Look through the entries below for the line with "BMW 5 Serie" and the line with "FIAT 238 anno 1967 PRC CARABINIERI 1:43", then give again exactly those two lines and all lines between them, minus the pictures.
RECORDS FOR THIS EXERCISE Block Start
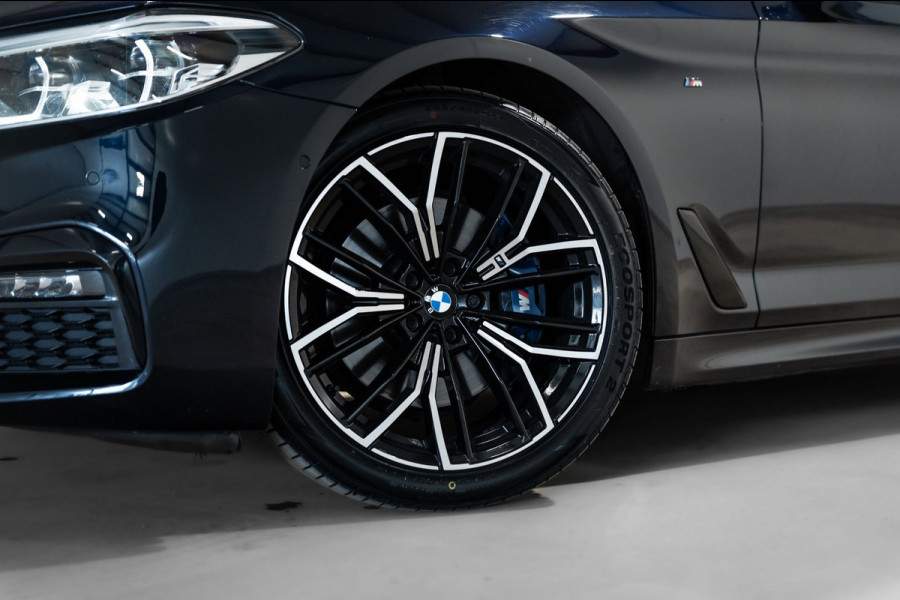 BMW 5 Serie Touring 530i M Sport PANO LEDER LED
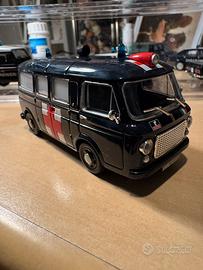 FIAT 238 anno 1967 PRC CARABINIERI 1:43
RECORDS FOR THIS EXERCISE Block End
RECORDS FOR THIS EXERCISE Block Start
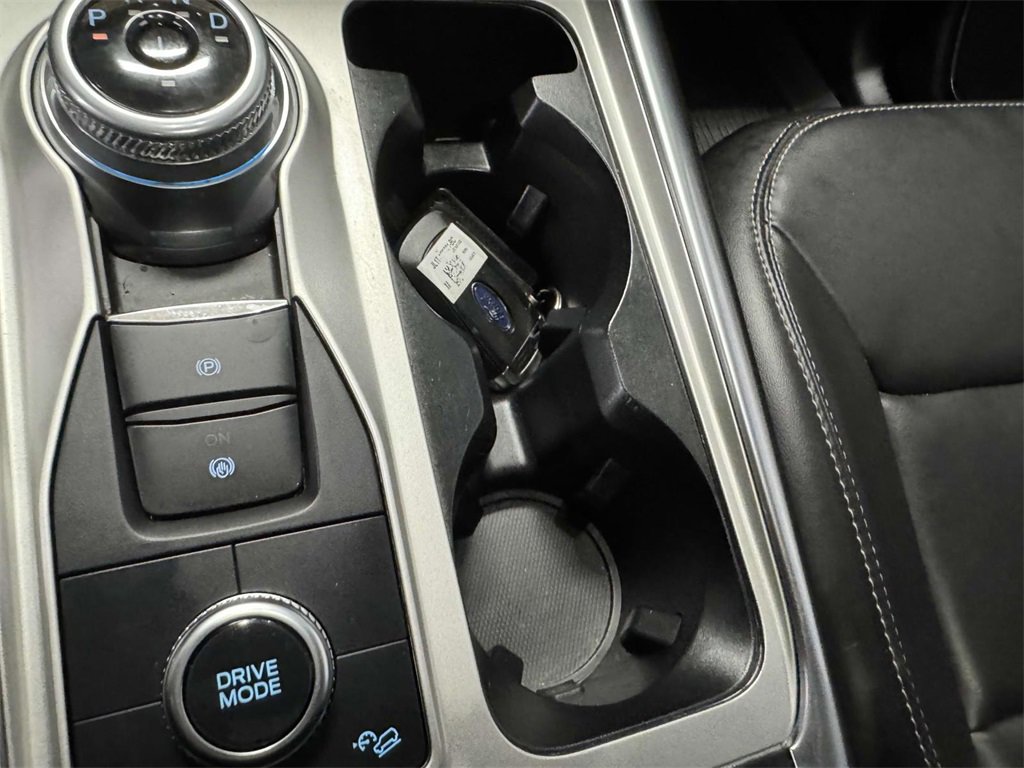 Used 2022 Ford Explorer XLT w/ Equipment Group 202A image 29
RECORDS FOR THIS EXERCISE Block End
### EXERCISE SOLUTION:
 BMW 5 Serie Touring 530i M Sport PANO LEDER LED
 FIAT 238 anno 1967 PRC CARABINIERI 1:43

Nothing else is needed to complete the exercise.